EXERCISE
The answer must be an exact copy of the lines from the one containing "VW Golf 157.881 km 2.490 &euro; Fürth 90768" through the end of the records, with the pictures left out.

(INPUT)

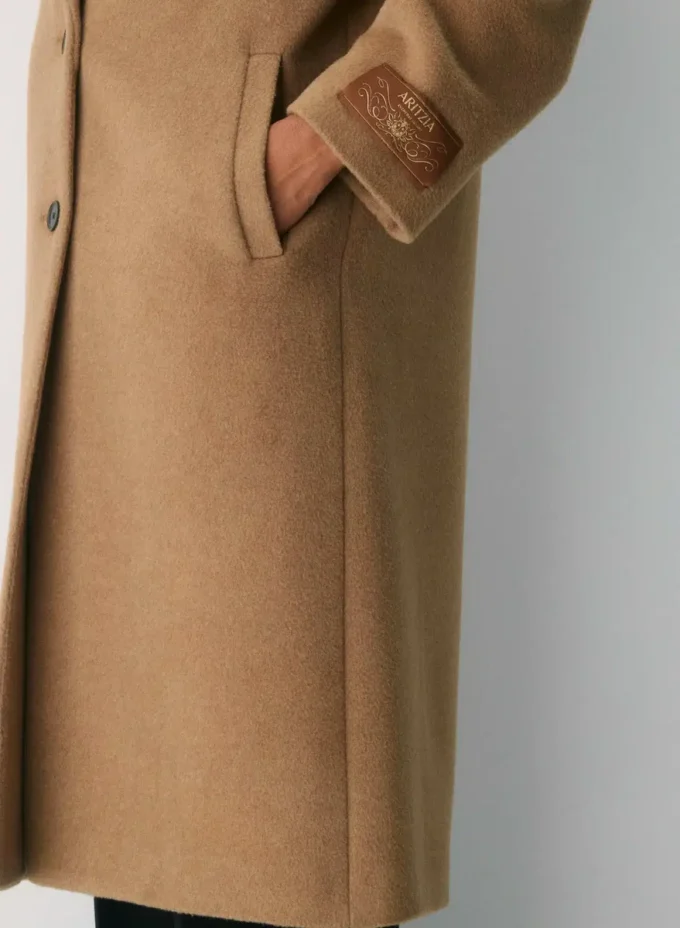 The Only Coat – (Re)Camel Wool The Only Coat – (Re)Camel Wool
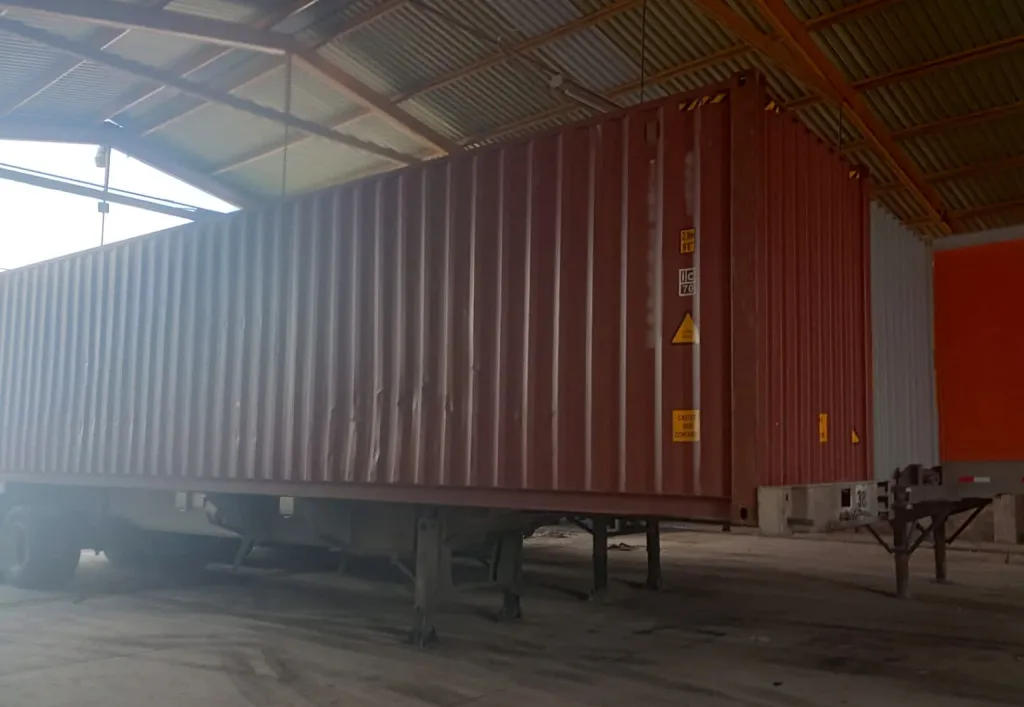 En Cuautitlán México Edoméx Contenedor con Mercancía en Aproximadamente un millón de pesos es Recuperado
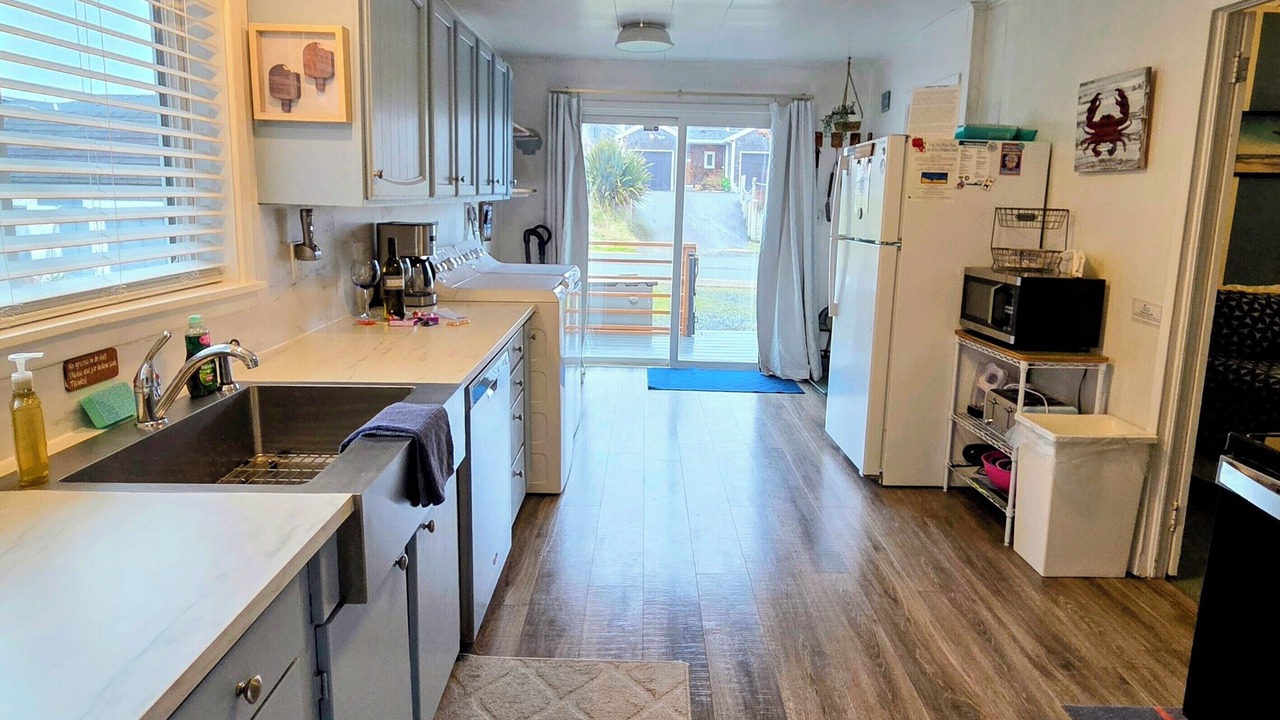 Photo of Kitchen in Rockaway Beach
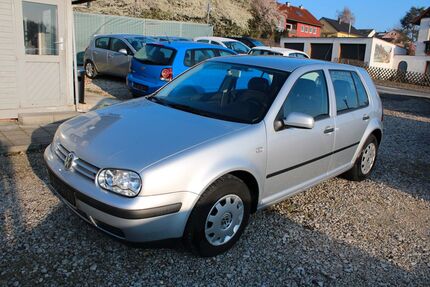 VW Golf 157.881 km 2.490 &euro; Fürth 90768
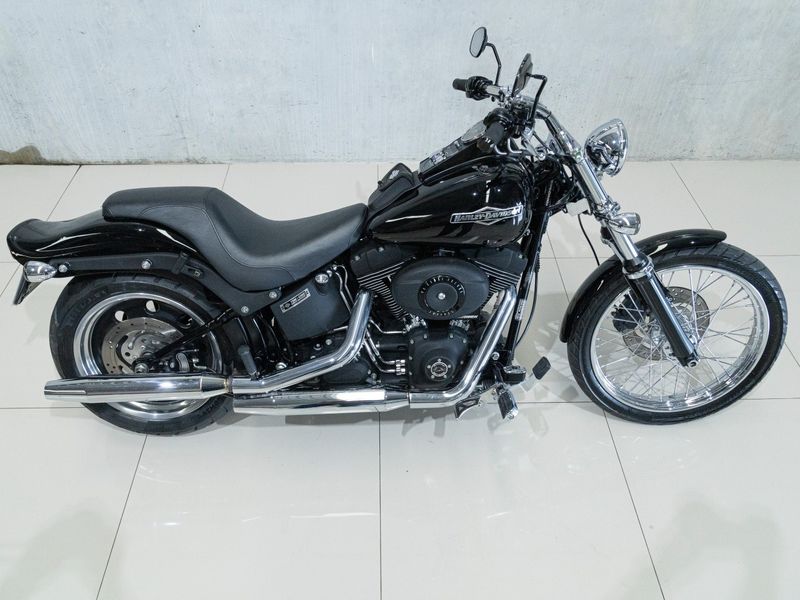 HARLEY-DAVIDSON SOFTAIL CUSTOM SOFTAIL CUSTOM 2008/2008 PASTORE CAR COLLECTION BENTO GONÇALVES / Carros no Vale HARLEY-DAVIDSON SOFTAIL CUSTOM SOFTAIL CUSTOM 2008/2008 PASTORE CAR COLLECTION BENTO GONÇALVES / Carros no Vale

(End INPUT)

SOLUTION TO THE EXERCISE
 VW Golf 157.881 km 2.490 &euro; Fürth 90768
 HARLEY-DAVIDSON SOFTAIL CUSTOM SOFTAIL CUSTOM 2008/2008 PASTORE CAR COLLECTION BENTO GONÇALVES / Carros no Vale HARLEY-DAVIDSON SOFTAIL CUSTOM SOFTAIL CUSTOM 2008/2008 PASTORE CAR COLLECTION BENTO GONÇALVES / Carros no Vale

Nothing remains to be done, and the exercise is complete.